_RECORDED DATA_
= Beginning of Section =

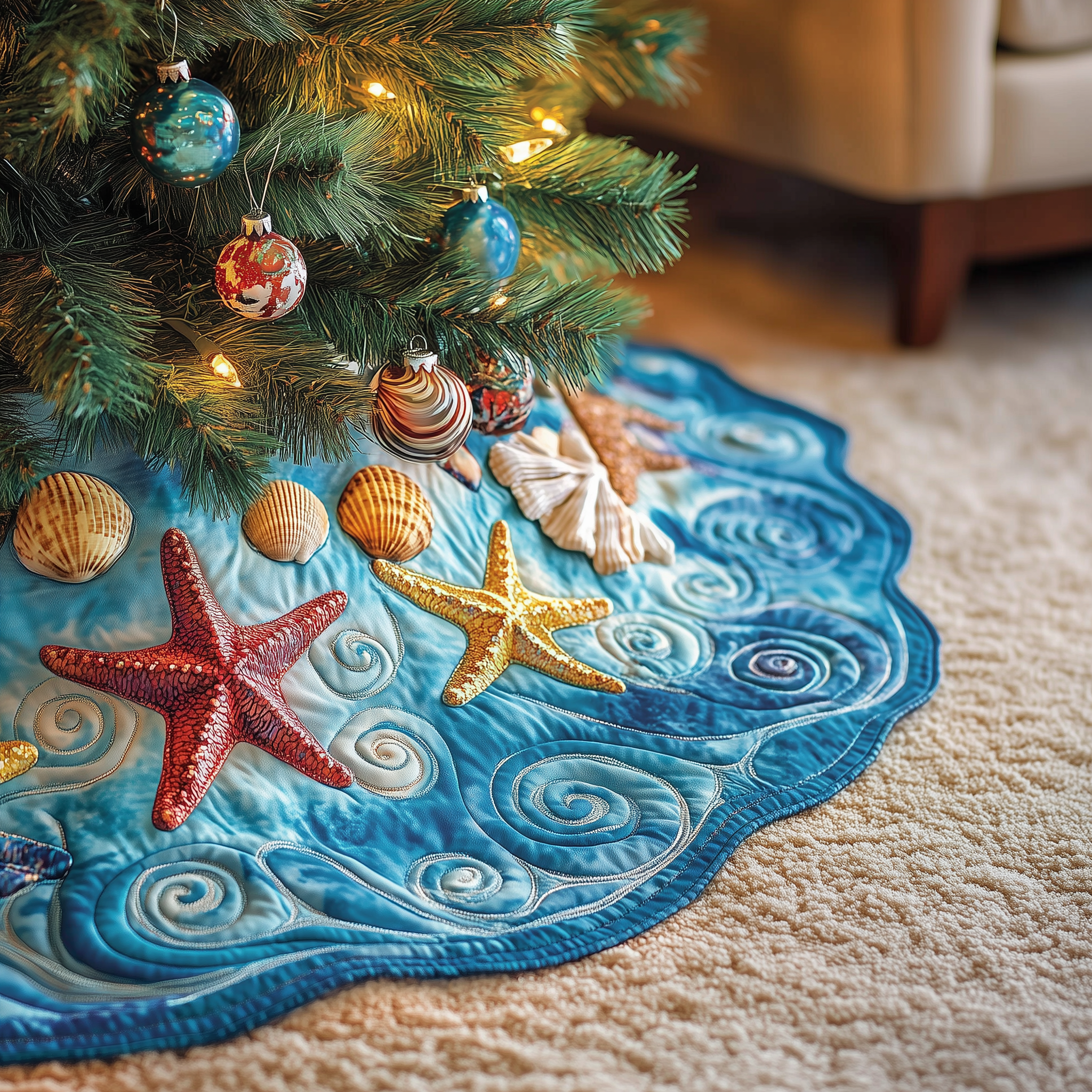 Tropical Seashell Symphony Quilted Tree Skirt Celebrate the Holidays Without Stress Choose Safety Tropical Seashell Symphony Quilted Tree Skirt Celebrate the Holidays Without Stress Choose Safety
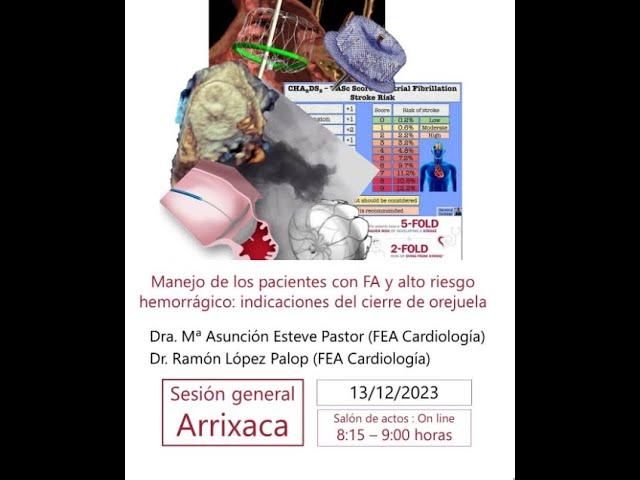 SG 13/12/23. Manejo de los pacientes con FA y alto riesgo hemorrágico:  cierre de orejuela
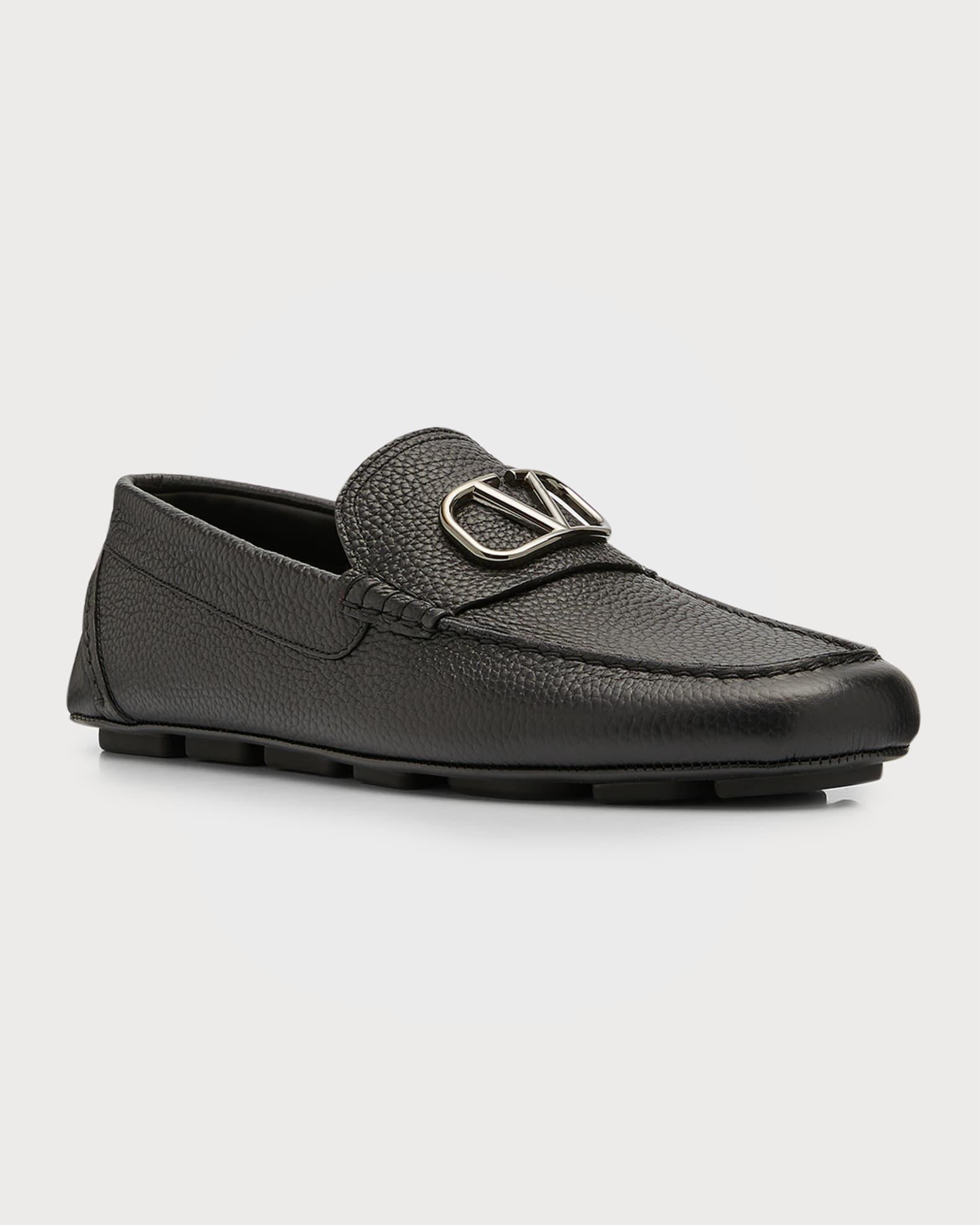 Men's V-Logo Leather Drivers Product Image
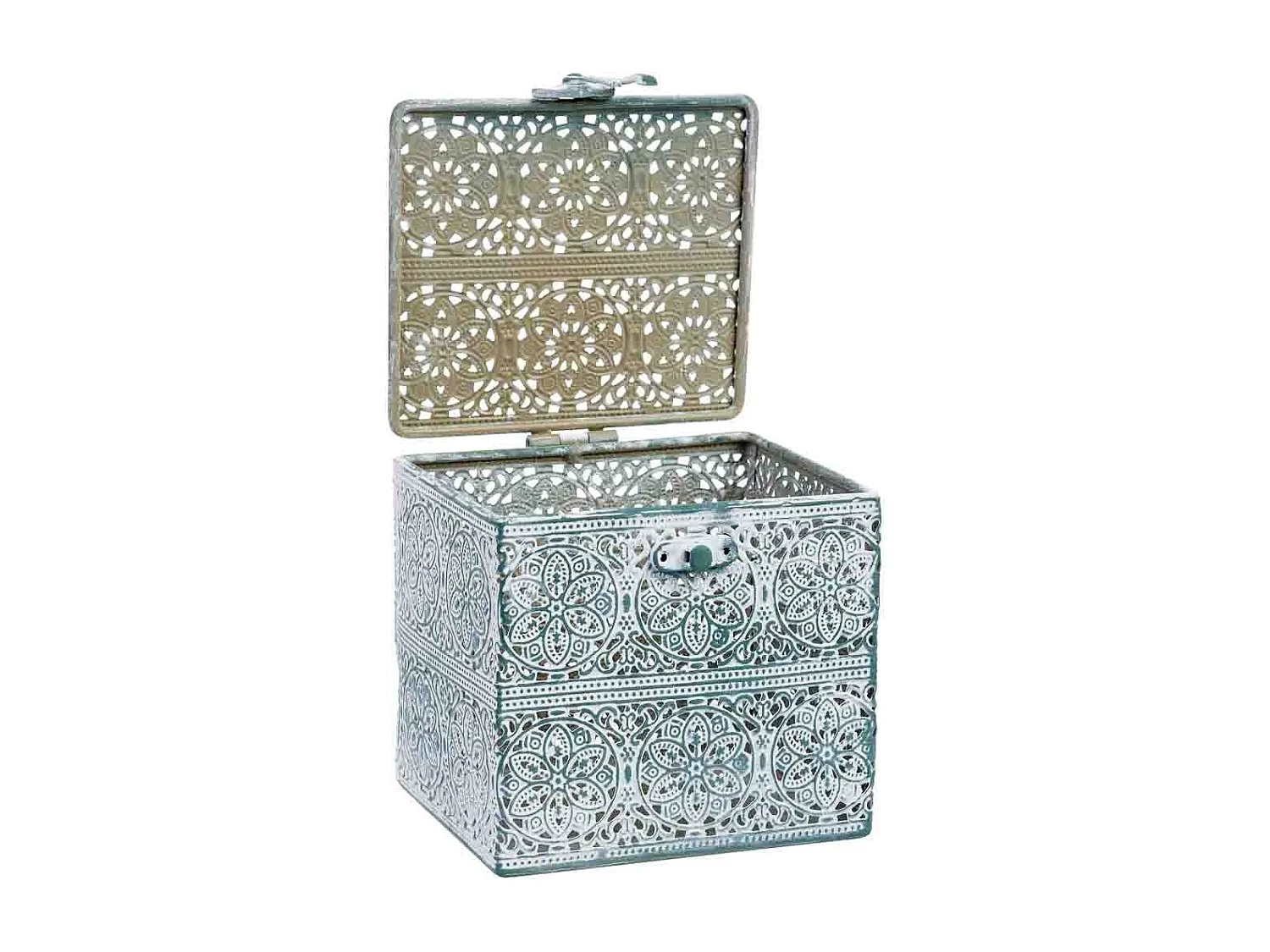 Boîte en métal vert 12.5x12.5x11.5h cm (hauteur)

= End of Section =

_THE TASK_
The answer is the listing above restated word for word, pictures removed.

_EXERCISE RESPONSE_
 Tropical Seashell Symphony Quilted Tree Skirt Celebrate the Holidays Without Stress Choose Safety Tropical Seashell Symphony Quilted Tree Skirt Celebrate the Holidays Without Stress Choose Safety
 SG 13/12/23. Manejo de los pacientes con FA y alto riesgo hemorrágico:  cierre de orejuela
 Men's V-Logo Leather Drivers Product Image
 Boîte en métal vert 12.5x12.5x11.5h cm (hauteur)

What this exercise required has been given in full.